I wrote some scrapers for a customer a few years back. After about a month I got a call that my scraper flagged a certain URL as unreachable, but the URL did work in a browser.
As it turned out: the webserver returned a 500 for every file, but still served it. So the website rendered flawless in a browser.
I still wonder if it was just a badly configured webserver or if the owner did this on purpose to prevents scrapers and search engines.
I wrote a simple Firefox extension mostly for personal use that finds bookmarks that point to unreachable pages.

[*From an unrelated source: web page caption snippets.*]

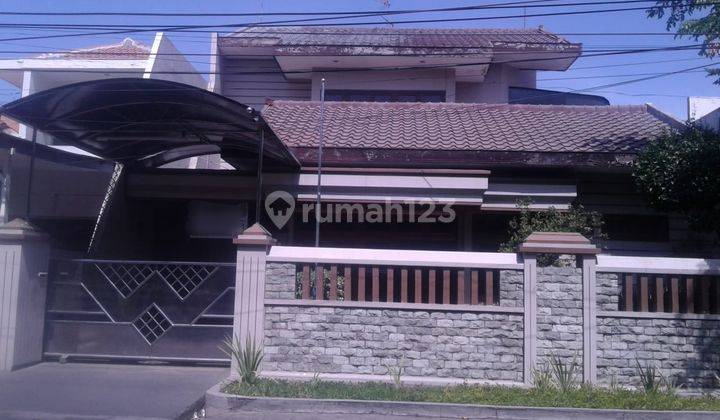 Dijual Rumah Manyar Tirtoyoso Surabaya Ron.a112 1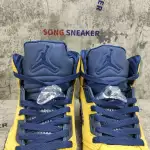 Air Jordan 5 Retro Michigan (2019) CQ9541-704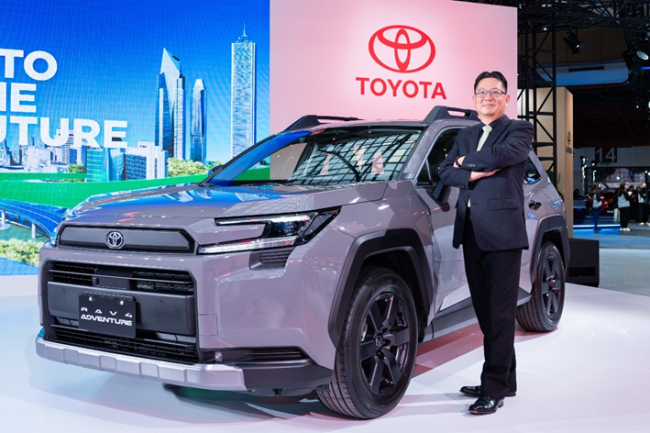 2026 TOYOTA台北新車暨新能源車大展多款新車登場亮相 限定優惠豪禮大放送 與TOYOTA一起駕馭未來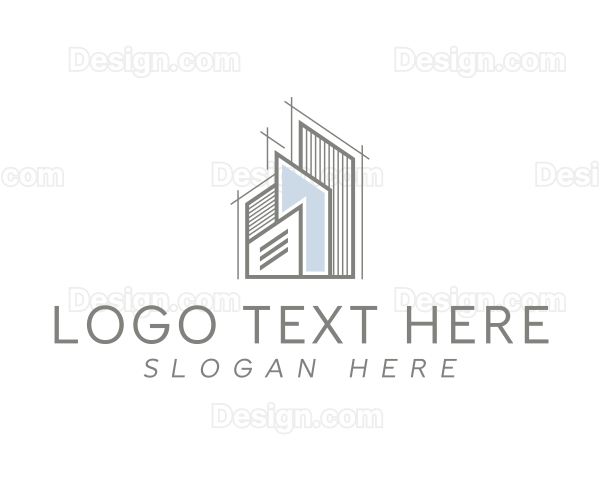 Architect Property Building Logo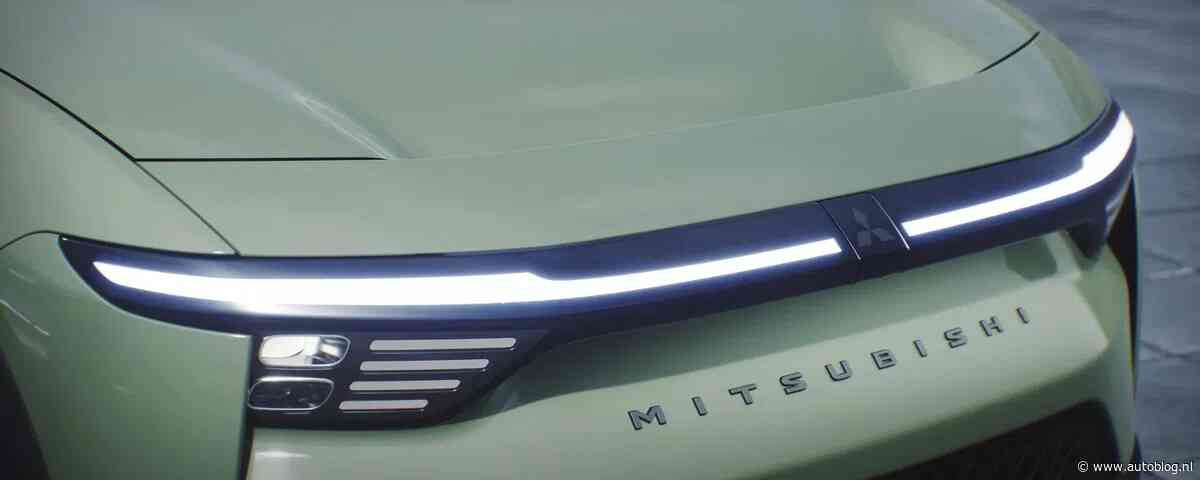 Wow: Mitsubishi onthult nieuwe auto met 400 pk, geen Renault-kopie!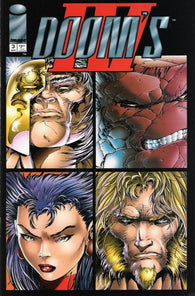 Doom's IV #3 by Image Comics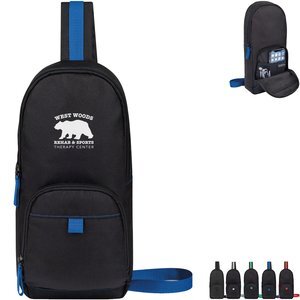 Repeat rPET Classic Sling Bag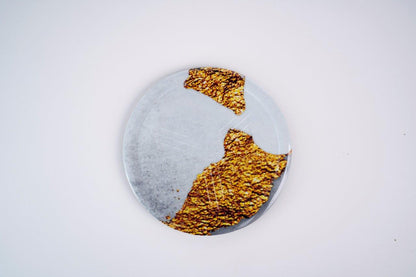 SUPERWARE | Pure Melamine | Coasters - Gritty | Set Of 8 Pcs | Stain Free, Glazed Finish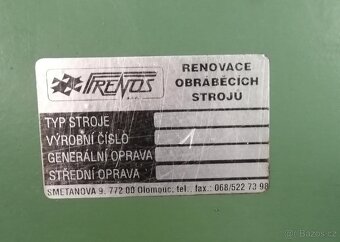 Frézka svislá FA 4V - 6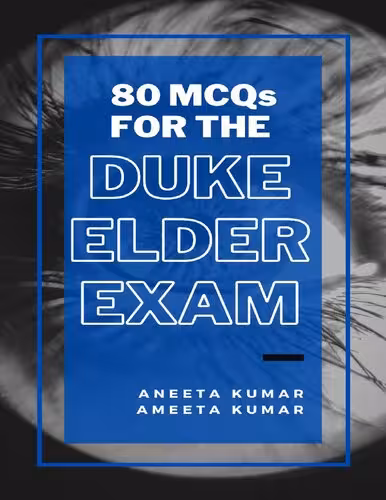 خرید و دانلود نسخه کامل کتاب 80 MCQs for the Duke Elder Exam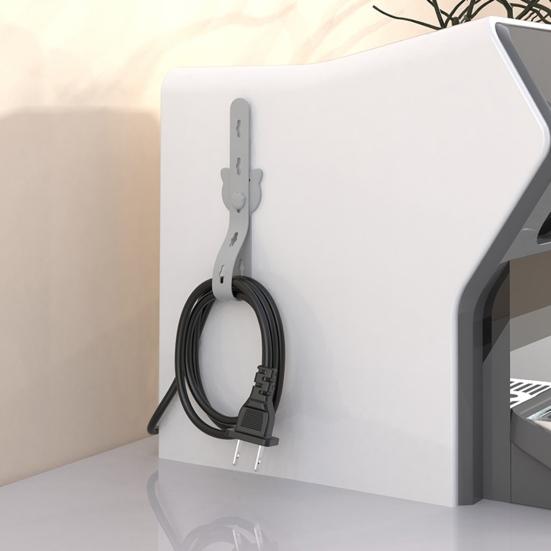 2 шт., кабельная стяжка, хорошая прочность, прочная фиксация, органайзер для штор для полотенец, домашнего использования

After publishing it on addons.mozilla.org, I almost immediately got messages that it marked reachable websites as expired.
So instead of just checking the HTTP status code for 404, I now also check if the page content contains strings like "404" or "not found". If it doesn't contain those I mark the bookmark as maybe expired.
How do you deal with languages other than English? I guess one might generate a very unlikely url and then take that response as 'not found'. Still wouldnt work sometimes.
i guess it works like that:
- 404 status with "not found" or "404" - surely not found
- 404 status without above - "maybe" not found
- not-404 status - bookmark is fine :)
Reminds me of this DefCon talk which discussed the effects of returning different HTTP status codes on various vulnerability scanners (without affecting the web browser).
https://www.youtube.com/watch?v=4OztMJ4EL1s
Differentials in how browsers handled weird status codes allowed for fingerprinting.
Differentials in how different automated tools/scanners handled weird status codes allowed for defensive tactics.
As it turned out: the webserver returned a 500 for every file, but still served it. So the website rendered flawless in a browser.
I still wonder if it was just a badly configured webserver or if the owner did this on purpose to prevents scrapers and search engines.